I remember being exceedingly jealous of girls in high school who would walk around, proudly parading their giant teddy bears and ostentatious bouquets of flowers. Half of me wished so badly that I too had a teenage sweetheart that I could rub in everyone’s face at my all girls high school. The other half of me wondered where on earth these teenage boys had got the money to buy such ridiculous gifts when most of them worked only a single shift at Maccas on the weekend.
Now that I have matured into a young woman of substance, I realise that teenage me was way off with her Valentine’s observations. Back when hormones ruled the world, it was all about who had the coolest and most popular boyfriend who got you the most clichéd V-Day present combination ever: Flowers, stuffed animal, and some form of nine karat gold plated, amethyst stoned ring/earrings/pendant which was delivered to school around recess. Based on the aforementioned gifts, the single and envious girls in the school yard would rate and judge your relationship as if it was Miss Universe.
We can all rest easy for another year… Or we can show our significant other that they’re bloody brilliant every day.
Twenties Blaire realises that the size of the teddy bear is not indicative of a stable and happy relationship. Now that we’ve reached an age that most of us have experienced the heartbreak of losing a first love, our outlook on relationships and all that they entail have changed. Suddenly, I don’t care about how much he spends on me, or if he even remembers the day at all. It’s about a partnership. Building a personal empire with the person you love and generally hanging out with your best friend in the whole world.

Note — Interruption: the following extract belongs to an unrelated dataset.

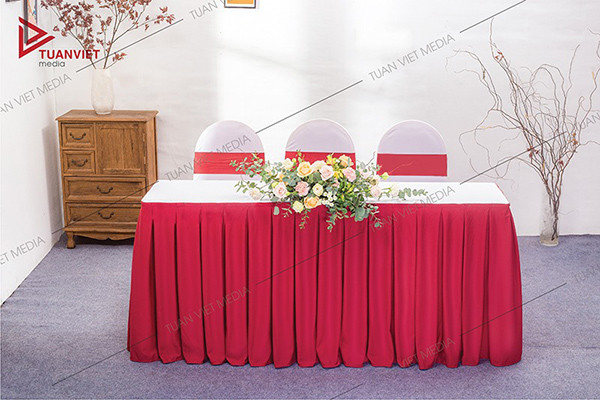 Thuê bàn ghế đại biểu khăn trắng, quây đỏ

Personally, I have never really celebrated V-Day… It always seemed like an over priced, pseudo holiday that gave women an excuse to parade their boyfriends around like trophies but never actually treating them the way they expect to be treated. I always wished I could see some more #spoilt #solucky #girlofmydreams hashtags on guy’s Snapchats, because their amazing girlfriends had done something other than parade them to show them that they loved them.
Footy tickets, free passes to play video games nag free, 100% bacon breakfast, a day of being his personal slave… why aren’t women told to do this kinda thing? Why does the guy HAVE to read articles on what to buy us? Can you tell ‘how to’ guides for men on Valentine’s Day make me angry?
That being said, I am in no way denying that Valentine’s Day is actually a really awesome ‘holiday’. While I don’t agree with they being one day of the year dedicated to celebrating your sweetheart, I do believe in showing that sweetheart that they are god damn awesome. And speaking as a girl – I love being taken out to dinner and being made to feel like a total princess… as long as he remembers that there are 364 other days of the year that he can make me feel special. I think that right now, the significance of Valentine’s Day is more prominent because we are still trying to show the one we love that we’re right for them. I suppose you could say that we’re still in the stage of ‘wooing’ them.
I suppose now that Valentine’s Day is done and dusted, we can all rest easy for another year… Or we can show our significant other that they’re bloody brilliant every day, in some small way and you shouldn’t need a list to work it out.